There are times when we are reminded more dramatically than others what all
this is about.

Why we squawk around here on ARN.

What's at stake that we're defending when we do this job of talking about
everything and trying to make up our minds based on that wonderful
convergence of fact and opinion we call news.

Why we're still flying the American flag outside this office, as we have
since September 11, 2001.

It's not yet dawn here in Chicago. We've been working most of the night on
one small newspaper, and we just picked up the Reuters report about the
murder of Wall Street Journal reporter Daniel Pearl in Pakistan. Daniel Pearl
is not the first among us, nor will he be the last, to die in the line of
this duty. Hopefully, more people will visit New York City this year, and
after we've spent a bit of time at Ground Zero, we can add the lobby of the
offices of the Associated Press to a tour that can include the Statue of
Liberty, Ellis Island, and some other important spots.

"Give us your tire, your poor..."

After all, rich people usually don't need a place like this and rights like
we have to preserve...

If I had my way, today at noon, every printing press on this planet would
stop for one full minute in honor of every man and woman who had to make that
supreme sacrifice for a free press. Ordinary men and women doing ordinary
jobs, which add up to something extraordinary.

If I had my way, today at noon every TV station would hold still for one
minute. First, to show a photograph of our most recent deceased colleague.
Then to roll back with pictures of every reporter, photographer, worker in
this field, every single one who has died in the line of duty, going back,
back, back -- back past Bernard Fall in Vietnam, back past Ernie Pyle on Ia
Shima, back to Elijah Lovejoy, of Alton, Illinois, who died a generation
before the American Civil War defending his abolitionist presses from
slavers. Back before that, to John Milton and before him to a thousand others
whose names we can never ever know but whose voices made ours possible.

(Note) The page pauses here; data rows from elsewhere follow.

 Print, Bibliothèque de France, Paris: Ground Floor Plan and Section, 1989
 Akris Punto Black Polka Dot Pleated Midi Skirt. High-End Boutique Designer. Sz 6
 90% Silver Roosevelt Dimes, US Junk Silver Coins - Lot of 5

If I had my wish, today, at noon every radio station would cease its regular
programming. Instead of news and chatter, music and ads, we would all play
the words, in their own voices, of the men and women of the press, no longer
with us to do this job of gathering and reporting the truth, ending those
moments of tribute with the words of the First Amendment of the United States
Constitution:

"Congress shall make no law respecting an establishment of religion, or
prohibiting the free exercise thereof; or abridging freedom of speech, or of
the press, or the right of the people peaceably to assemble to petition the
government for a redress of grievances."

Then a lone bugler would play taps and we would all go back to work.

I will be stopping by here at ARN the next four days.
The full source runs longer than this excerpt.